Morta al sesto mese di gravidanza insieme alle due gemelle, l'autopsia conferma Forte emorragia internaE’ stato reso noto l’esito dell’autopsia effettuata sul corpo di Claudia Bordoni, ovvero la donna di 36 anni morta lo scorso 28 aprile alla clinica Mangiagalli di Milano, con le due gemelle che aveva in grembo, che purtroppo sono decedute insieme alla madre. La donna, stando a quanto emerso dall’autopsia sarebbe morta per una forte ed improvvisa emorragia interna, e dunque questo esito andrebbe a confermare la prima ipotesi effettuata proprio in seguito alla morte della giovane donna che come abbiamo anticipato era incinta di sei mesi delle due bambine avute tra l’altro con la procreazione assistita.

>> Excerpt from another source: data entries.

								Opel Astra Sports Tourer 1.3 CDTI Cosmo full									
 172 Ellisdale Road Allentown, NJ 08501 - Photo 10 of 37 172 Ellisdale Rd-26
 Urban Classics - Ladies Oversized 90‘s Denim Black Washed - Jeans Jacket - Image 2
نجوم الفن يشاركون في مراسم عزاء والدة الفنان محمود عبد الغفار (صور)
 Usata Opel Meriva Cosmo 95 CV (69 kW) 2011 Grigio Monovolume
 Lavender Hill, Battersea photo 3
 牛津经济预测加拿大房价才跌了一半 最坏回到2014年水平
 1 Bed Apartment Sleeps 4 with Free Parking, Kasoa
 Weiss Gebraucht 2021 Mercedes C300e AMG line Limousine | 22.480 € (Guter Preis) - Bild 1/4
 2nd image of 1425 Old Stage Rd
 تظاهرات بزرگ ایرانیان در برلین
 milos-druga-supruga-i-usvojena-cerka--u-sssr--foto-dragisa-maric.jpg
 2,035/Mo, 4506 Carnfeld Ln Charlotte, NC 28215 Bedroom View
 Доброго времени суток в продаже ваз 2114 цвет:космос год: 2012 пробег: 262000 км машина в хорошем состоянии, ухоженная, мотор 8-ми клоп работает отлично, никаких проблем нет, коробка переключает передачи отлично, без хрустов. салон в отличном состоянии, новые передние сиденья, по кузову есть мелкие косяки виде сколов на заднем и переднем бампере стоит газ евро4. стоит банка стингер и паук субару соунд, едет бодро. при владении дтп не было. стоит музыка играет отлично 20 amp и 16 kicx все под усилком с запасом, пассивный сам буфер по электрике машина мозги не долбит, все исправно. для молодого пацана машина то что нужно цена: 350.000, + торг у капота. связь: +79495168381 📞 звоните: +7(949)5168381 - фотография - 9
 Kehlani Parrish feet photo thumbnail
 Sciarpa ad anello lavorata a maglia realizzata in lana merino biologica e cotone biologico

La donna era stata ricoverata da due giorni per complicazioni derivanti proprio dalla gravidanza presso l’ospedale Mangiagalli di Milano; prima della Mangiagalli è stata seguita all’ospedale di Busto Arsizio dal 3 al 7 aprile, e poi al San Raffaele, con un primo ricovero dal 13 al 20 aprile.Per la morte della donna risultano indagate due dottoresse e due ostetriche della clinica ginecologica una delle più famose d’Italia ma potrebbero aggiungersi altri nomi alla lista degli imputati, compresi quelli dei medici degli alti due ospedali ovvero quello di Busto Arsizio ed il San Raffaele dove Claudia Bordoni è stata ricoverata nelle settimane precedenti la sua morte.

Il pm di Milano Maura Ripamonti, titolare dell’inchiesta che al momento vede indagati 4 dipendenti della Mangiagalli (due dottoresse e due ostetriche) per omicidio colposo, ha anche indicato un termine di sessanta giorni al medico legale Dario Raniero per stilare una relazione che potrebbe fare chiarezza in ordine anche alle eventuali responsabilità nel decesso.Sono ancora previsti nei prossimi giorni alcuni accertamenti e questo fa pensare che non è per niente escluso che altri medici possano finire nel registro degli indagati. Proprio nei giorni scorsi, Giuliano Bordoni, ovvero il padre della donna, ha puntato il dito contro la clinica dichiarando: “Ma mia figlia è morta in preda a dolori atroci, senza che nessuno facesse nulla”. Inoltre, proprio nelle ultime ore si sarebbero recati nella clinica Mangiagalli gli ispettori inviati dal Ministro della Salute Beatrice Lorenzin, i quali avrebbero effettuato un’ispezione durata ben sette ore.

In una nota diramata dalla direzione del Policlinico si legge: “L’ispezione è stata voluta dalla stessa Regione per fare luce sul decesso di Claudia Bordoni e delle due bimbe che portava in grembo, avvenuto il 28 aprile scorso”. Nella nota, inoltre, si legge ancora: ” Il gruppo di esperti regionali, ha incontrato la Direzione Generale e Sanitaria e tutti gli specialisti dell’ospedale che hanno avuto un ruolo in questo caso. I nostri medici e le nostre ostetriche hanno partecipato con piena collaborazione nell’intento di chiarire il più possibile nel dettaglio come si sono svolti i fatti. Gli specialisti del Policlinico rimangono a disposizione per ogni ulteriore necessità, sia della Regione che della Magistratura, per tutti i rilievi del caso”.